A muon detector has to fulfil four tasks:

  • Muon identification: this is done through absorption of other long-lived particles in the calorimeters (made of high-Z material) and through decay of short-lived particles on their path, before reaching the outside muon system.
  • Muon charge determination: by means of the bending direction in the magnetic field (positively and negatively charged muon bend in opposite direction). The magnetic field in the muon barrel region is below 1 T and rather uniform. The charge determination has to be better than 95%.
  • Muon momentum determination: is done through determination of the bending radius. The stand-alone muon system can provide 10% momentum resolution which can be improved by combining the muon track segments with those from the high-resolution tracker. The momentum resolution is limited by multiple scattering in the return-yoke iron and the materials up-front up to about 1 TeV energies. At higher muon energies, the chamber resolution of 100 micron starts to limit.
  • Trigger information: In hadron environments such as the LHC, the selection of the interesting events over a 10 orders of magnitude higher background is the main challenge. This selection is done by the trigger which looks for significant kinematic decay patterns or final state particles. Since muons are often present in the final state, a fast and reliable muon identifaction will constitute the first level muon trigger.

The CMS barrel muon chambers are big drift-chambers (up to 4 x 2 qm cross-section and several hundred channels per chamber). A through-going charged particle creates electrons and ions which drift in the elctric field. Electrons drift to the anode wire in the centre of the cell, while the slower ions drift to the cathode. The ion signal is not read out. The electric field is uniform over large ares to allow a constant drift velocity, which is 55 microns per nanosecond in our case. Near the wire the field increases by several orders of magnitude and electron multiplication occours. About 10^5 electrons arrive at the wire and will be read out. A muon detector consists of several layers, two times four in the important r-phi-plane and one times four in the orthogonal direction. Individual cells are rectangular with dimensions of 4 x 1 cm.The layers are stacked up from aluminium plates spaced by so-called I-beams (the picture shows where the name comes from). These I-beams are covered by a conductive foil constituting the cathode. In the cell-centre is a 50 micron wire strung with 3 N tension, constituting the anode.

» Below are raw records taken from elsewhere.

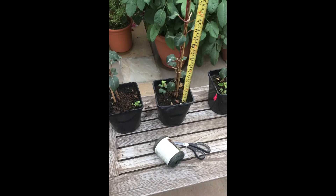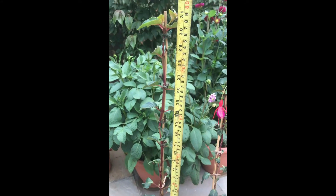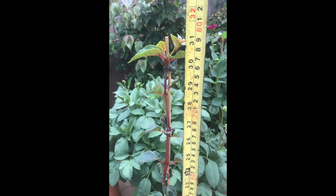Hi everyone, it's Ian from DIY Home and Gardening. This is part five on how to create your fuchsia standard. With the absence of a proper summer and some low light levels, it's taken longer than hoped to get to the top of the cane, but as you can see, this one is now at the top.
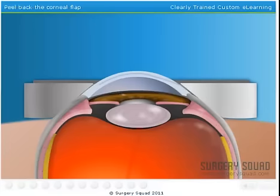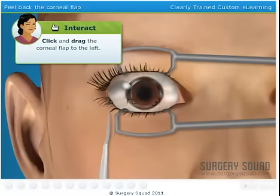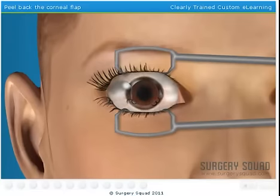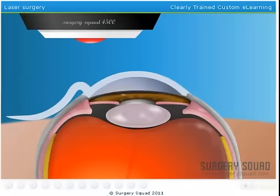With the corneal flap cut, we remove the microkeratome and suction ring and then peel back the corneal flap to expose the middle part of the cornea. This is the part we'll reshape with the laser. The computer-controlled laser is positioned over the eye, and by analyzing our patient's data, we've pre-programmed the laser to tell it how much corneal tissue to remove.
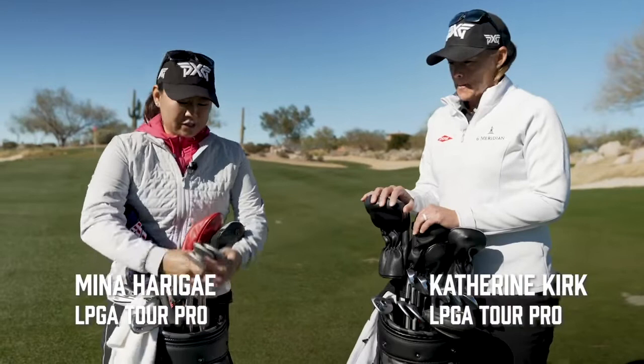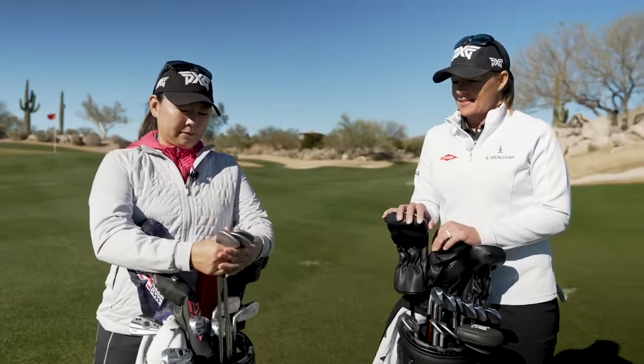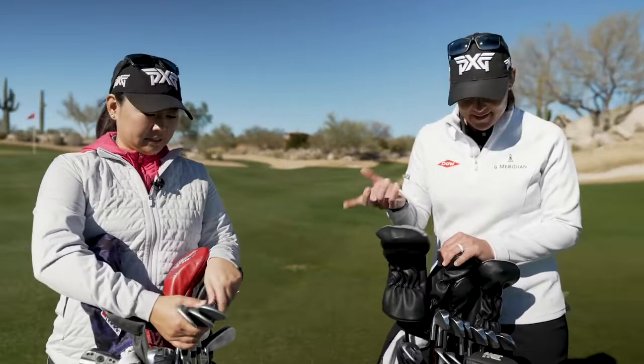So, Mina, tell me what wedges have you got in the back right now? Right now, I just got into the Sugar Daddy 2s. I'm in the 60, 56, and 50 degree. And I really like the gapping because my yardages work for those.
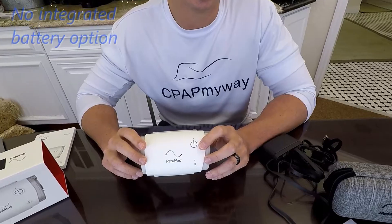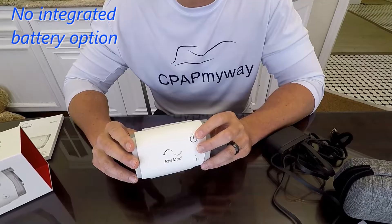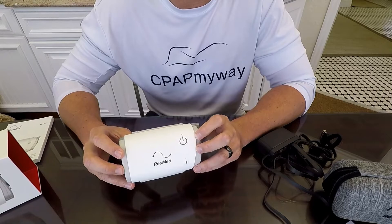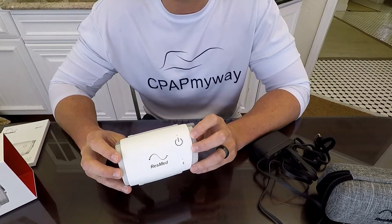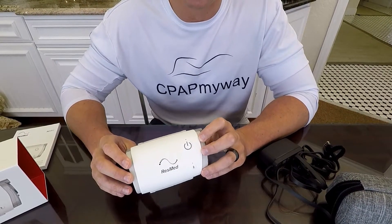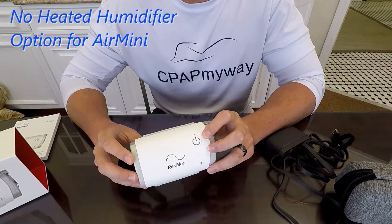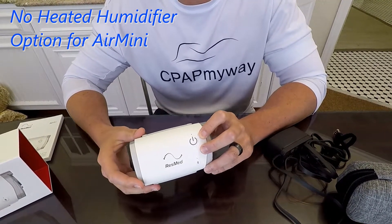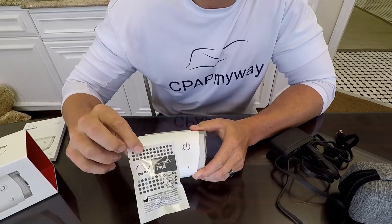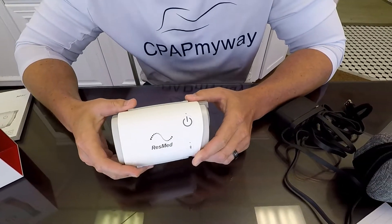Another con is that it doesn't have a designated battery. Pretty much all other travel CPAPs have a battery designed for their specific unit — this does not. However, it works with a couple of off-brand batteries really well. Specifically, the Freedom battery does a great job on it, and we've seen a single battery last three nights. The other thing is there's no heated humidifier option. You have to use the brand-specific HME — heat moisture exchanger — called the Humidex. We'll show you more about those later.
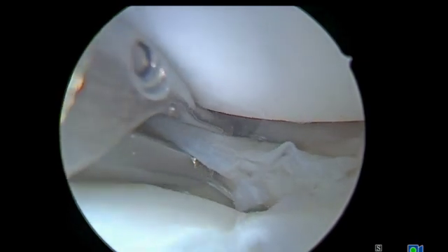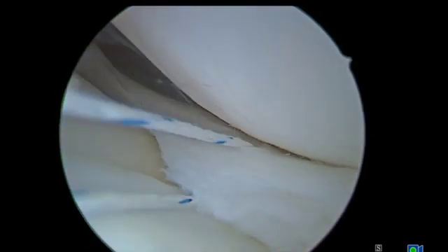Using a Smith & Nephew Nova Stitch Pro as an all-inside device, a single traction suture was placed to aid in reduction of the tear throughout the case. Here the traction suture is shown reducing the meniscus.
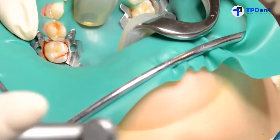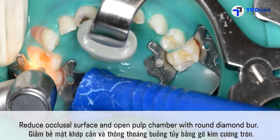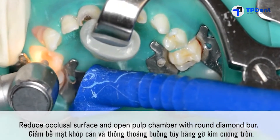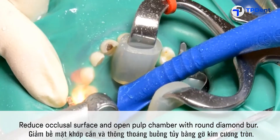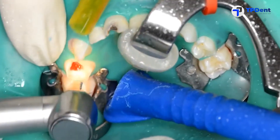Then place a rubber dam to ensure a clean, dry environment and good visibility. In this case, the dentist determined that pulp therapy was necessary. When faced with that situation, reduce the occlusal surface and open the pulp chamber with a round diamond burr.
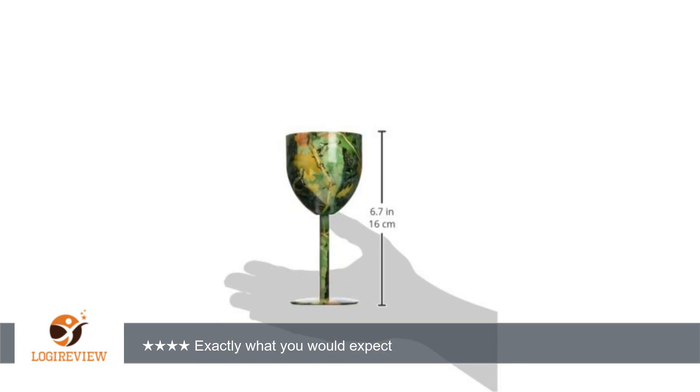The glasses I got have a more yellow-green spring look to them rather than the brown-orange fall pattern shown on the product page. It is all fine with me.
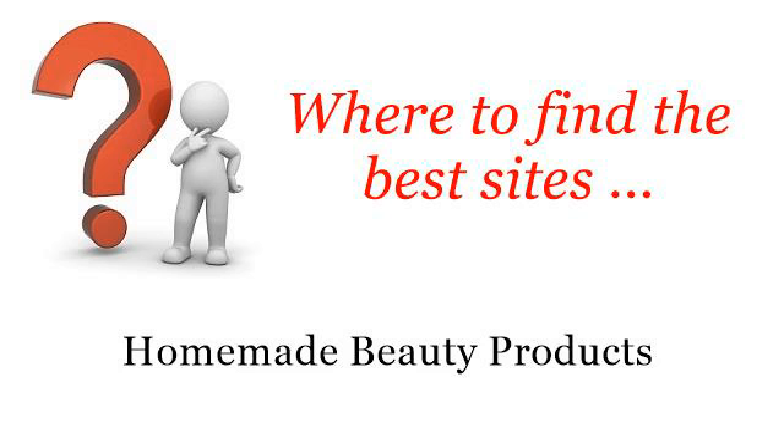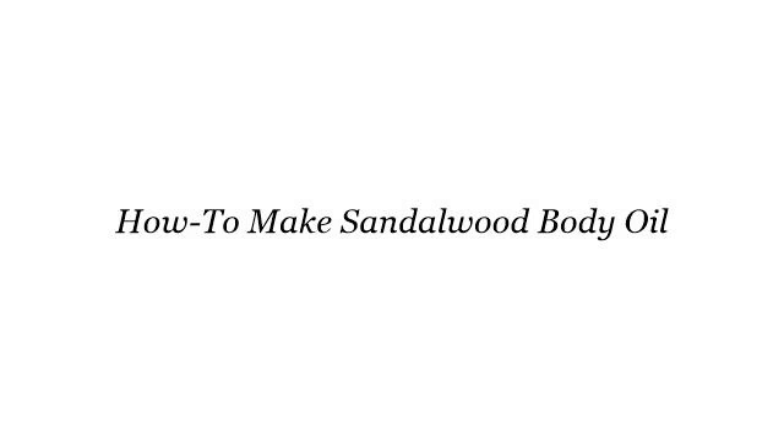Where to find the best sites for homemade beauty products? Howdy! You want more information about how to make sandalwood body oil? These are the best resources we could find on the web.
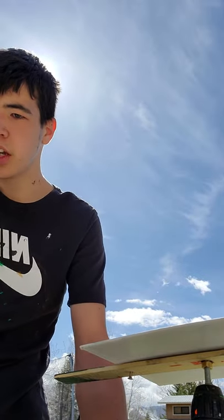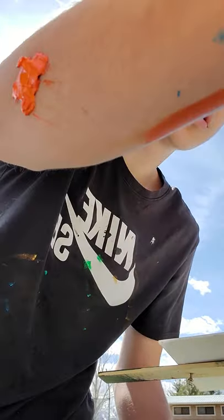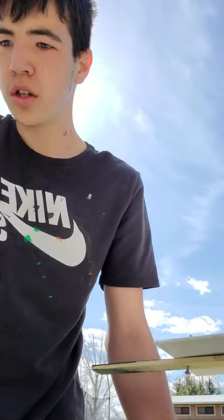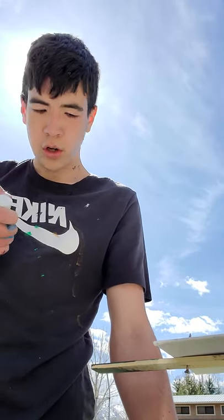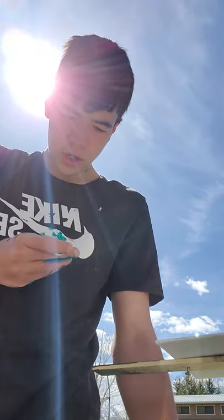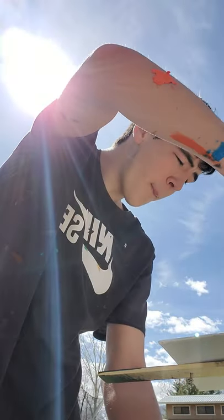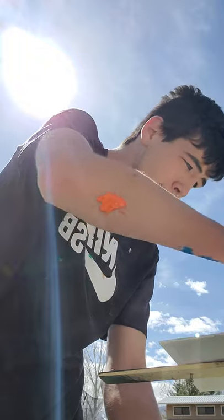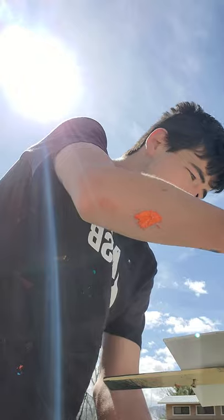Hey guys, back here doing more spin art. We already got some colors on here. I gotta put more because I'm almost out of these colors. I got this one — green. I got this one.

The rectangular shape of the cell requires field shaping in the middle region to avoid that field lines leave the cell. Electrons following these field lines would be lost and the signal reduced. Strips of conductive foil are glued to the aluminium plates whose electric field form the elctric field as seen in the picture. The chambers are operated with voltages of 3.7 kV for the wires, -1.2 kV for the cathodes and 1.8 kV for the field shaping electrodes. The amplification gas is ArCO_2.